A formula for victory at triple-A Lehigh Valley usually resembled Cloyd to Justin De Fratus to Phillippe Aumont. It was what the Phillies followed Monday, with some wrinkles.
Cloyd did not throw a pitch harder than 87.1 m.p.h., according to Pitch F/X data. He fanned nine Reds, more than any International League team during his sublime triple-A season.
"I have no clue," said Cloyd, when asked to explain.
Cloyd arrived to the majors on his command, not his penchant for strikeouts. He whiffed only 6.1 per nine innings at Lehigh Valley. In 13 major-league innings, he has accumulated 14 strikeouts. That is more than any Phillies pitcher over his first two major-league starts with the exception of Lowell Palmer, who struck out 17 in 1969.
He peppered Cincinnati with darting cutters and an improved change-up - a pitch he spent time refining with pitching coach Rich Dubee.
Jay Bruce clubbed an 80 m.p.h. change to deep left in the second. It was one of many deep fly balls hit in the game's early innings. Cloyd stuck with his plan.
"He's pretty cool," manager Charlie Manuel said. "That's what kind of pitcher he is and that's what kind of guy he us. Not too much fazes him. He just kind of drifts along with the tide."

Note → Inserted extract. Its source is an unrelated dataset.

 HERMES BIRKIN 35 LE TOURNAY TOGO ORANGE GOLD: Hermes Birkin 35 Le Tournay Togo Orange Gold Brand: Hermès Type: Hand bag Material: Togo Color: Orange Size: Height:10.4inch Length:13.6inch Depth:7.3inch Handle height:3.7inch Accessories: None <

Aumont, who earned his first major-league save, spent a majority of 2012 on the same staff as Cloyd. He concurred with Manuel's assessment.
"He's got no emotions out there," Aumont said, "and I think that's what it takes for a starter."

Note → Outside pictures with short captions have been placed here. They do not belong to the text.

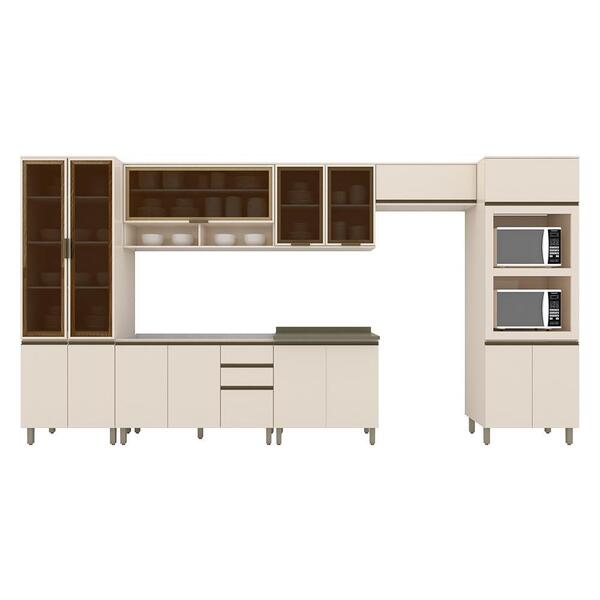 Cozinha Completa Connect 7 Peças Com Cristaleira E Torre Quen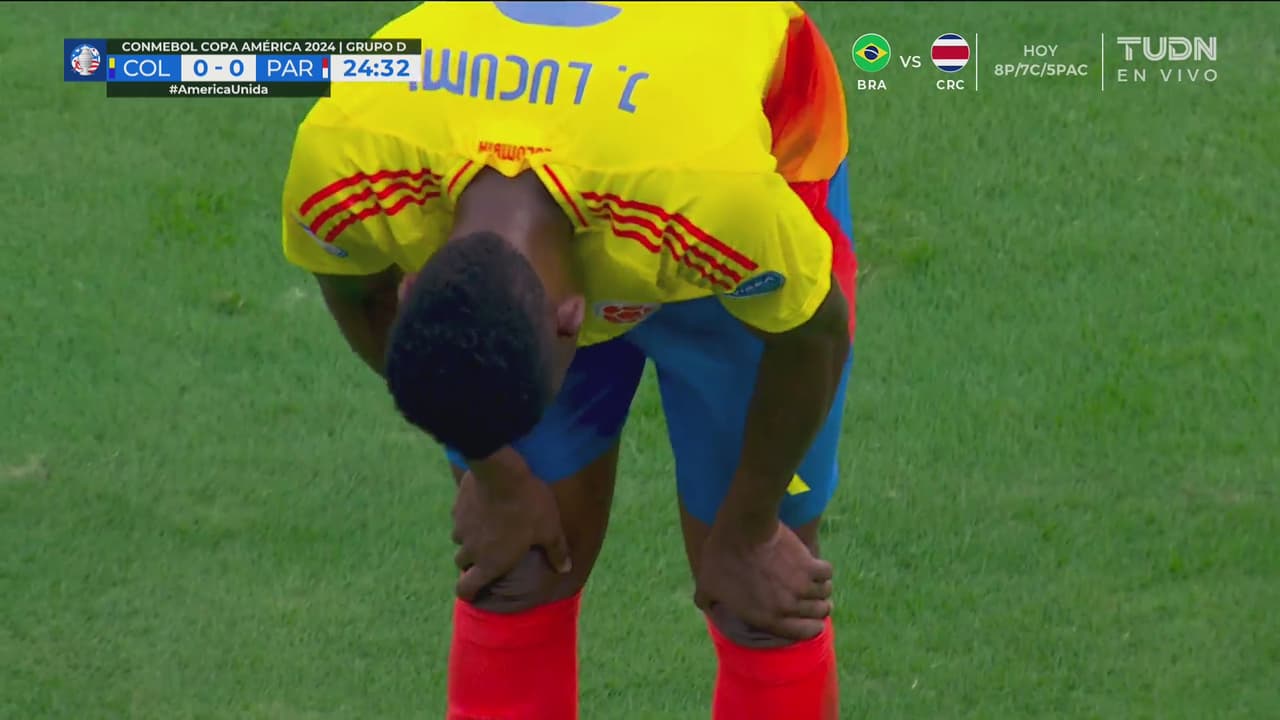 ¡Malas noticias! Lucumí sale lesionado y muestra su frustración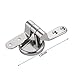 Stainless Steel Toilet Seat Hinge Replacement Parts Mountings Adjustable Toilet Seat Bolts Nuts with Screws Bolts and Nuts Strong and Durable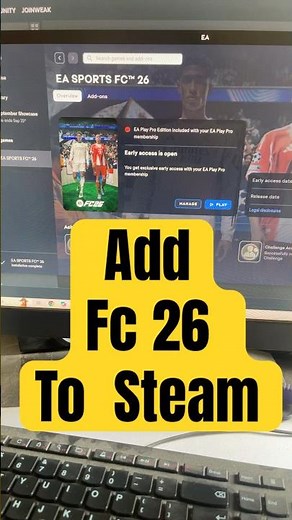Add FC 26 to steam #fc26 #AddToSteam #fifa26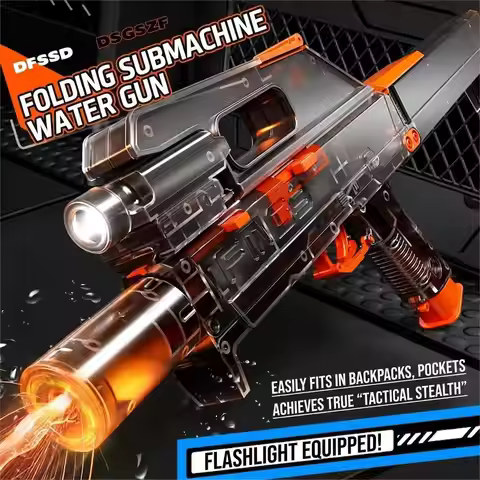 NEW FMG9 Folding Charging Electric Continuous Firing Water Gun Large Capacity Automatic Water Gun Su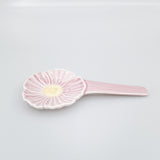 Flower Spoon Rest Pink 22cm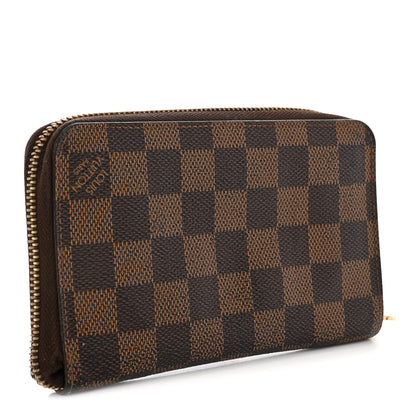 Louis Vuitton Damier Ebene Zippy Compact Wallet 3 of 9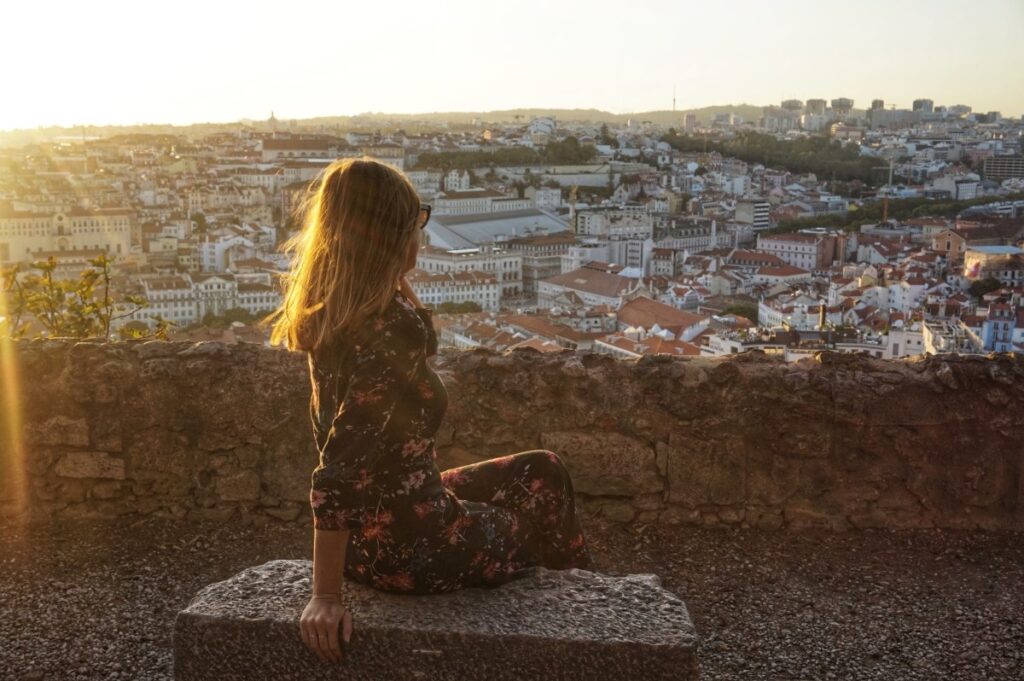 Widok na Lizbonę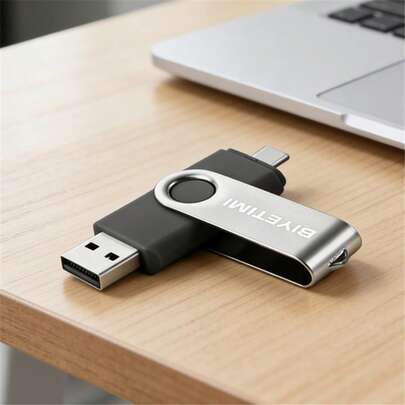  Unidad flash USB 2.0 OTG tipo C de Biyetimi de 64GB, 32GB o 128GB de capacidad real para smartphone y tableta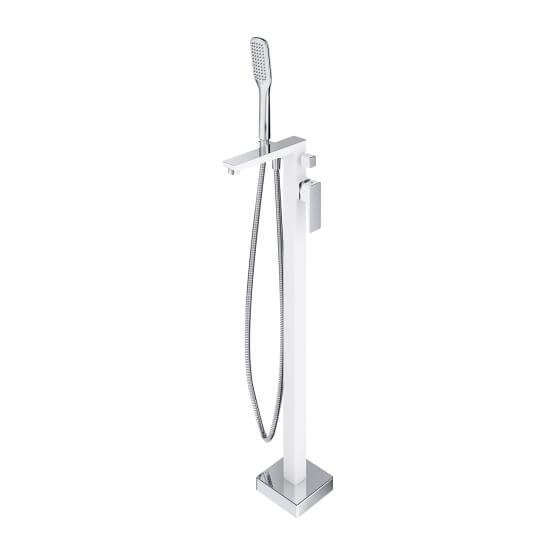 Bateria Wannowa Wolnostojąca Parma Chrom/Biały PM7433CRB Omnires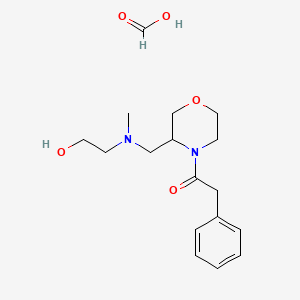 1-(3-(((2-Hydroxyethyl)(methyl)amino)methyl)morpholino)-2-phenylethanone formate
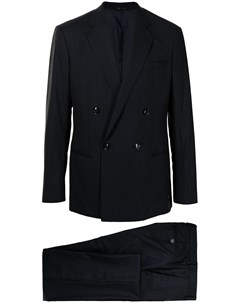 Полосатый костюм с двубортным пиджаком Giorgio armani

The small sample size does not dictate definitive statements. Nonetheless, Cloyd has made a perfectly fine impression in two major-league starts.

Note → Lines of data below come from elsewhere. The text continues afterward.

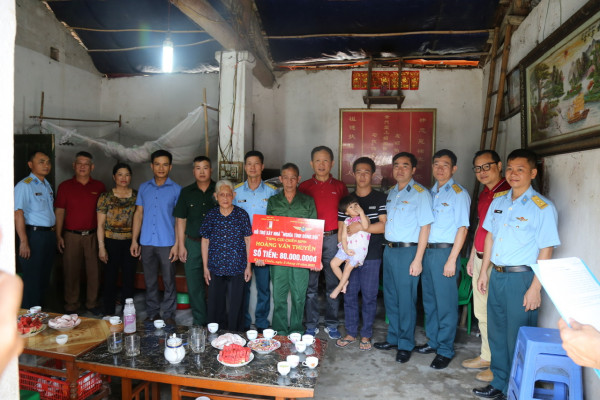 Nhà cái uy tín io
 cùng Quân chủng Phòng không - Không quân hỗ trợ xây nhà “Nghĩa tình đồng đội” tại Lạng Sơn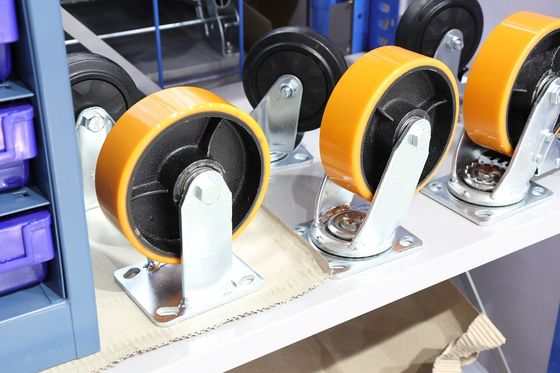 Castor Quay Wheel Lagging Rohstoff Faser TPU Gute Härte Hydrolyse Widerstand Chemische Beständigkeit Super Abrasionsmaterial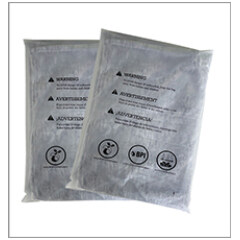100% PLA biodegradable cornstarch bags compostable garment packaging with self adhesive tap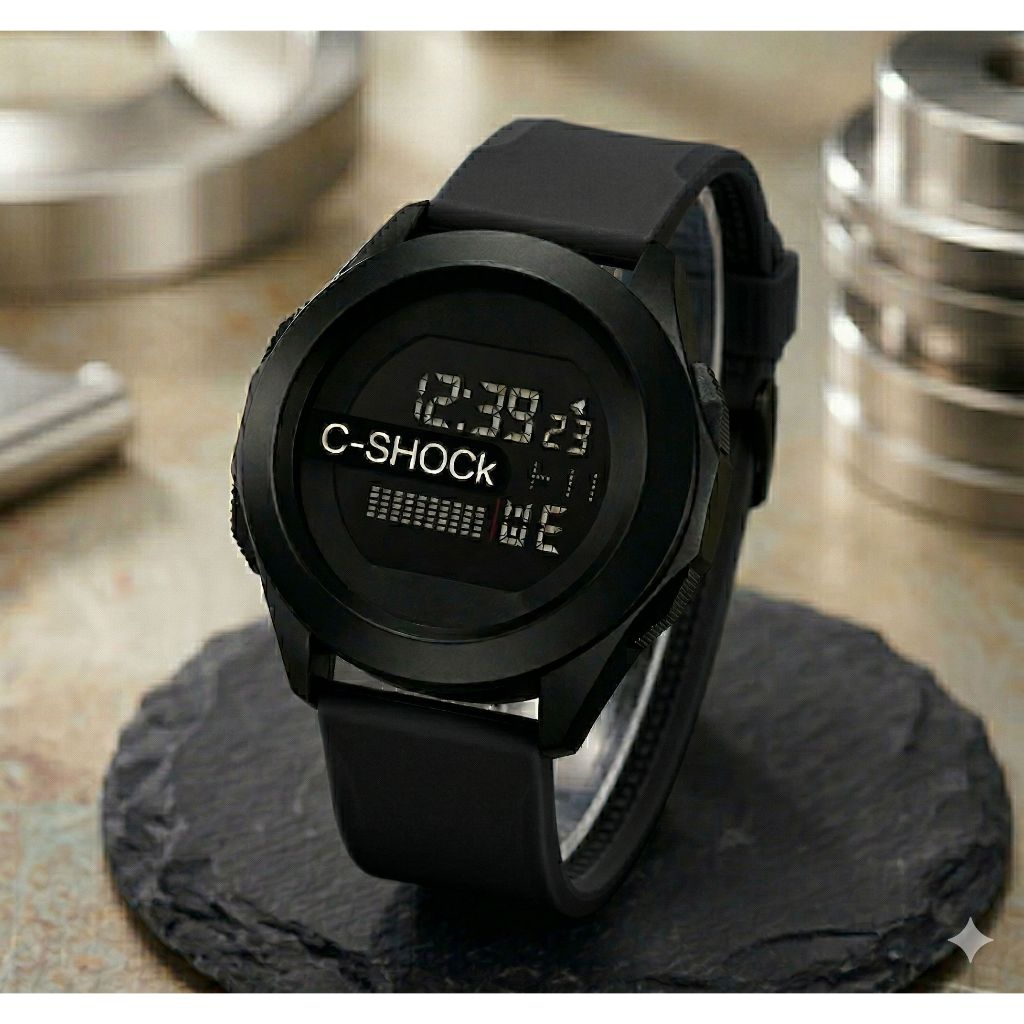 Relógio Masculino Digital C-Shock Tático Dia  Dia Pulseira Silicone Varias Cores Relógio Digital Led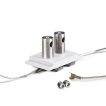 Klus Os22-duo-lin-z - connecteur d’alimentation double et fixation de suspension - blanc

When camp broke in March, no one foresaw a battery of Tyler Cloyd-Steven Lerud on Sept. 3. Lerud, the journeyman fourth-string catcher, smacked a two-out single to center in the fifth. Cloyd hacked at a Cueto slider and a waterlogged ball barely made it to center for a single, Cloyd's first big-league hit.
"It helped out the team a lot," Cloyd said. "Not only was it my first hit, but it made the game different."
That's because Jimmy Rollins was afforded a chance to bat with two runners on base. He mashed Cueto's first pitch deep to right for a three-run bomb. It was his 1,999th hit, and all the Phillies needed.
"He challenged Rollins and Rollins hurt him," Manuel said. "He's real good."
Cueto had not lost in 13 starts during the day; he was 11-0 with a 1.61 ERA. Sunshine was fleeting Monday while a steady mist fell. The Cloyd clan, which included his mother, father, grandmother and six friends, did not mind.
They made the 700-mile drive from Omaha, Neb., to see Cloyd affirm his temporary role a major-league starting pitcher. They will treasure this September memory forever.
"It was awesome," Cloyd said. "I kept the ball down. I felt a little more relaxed."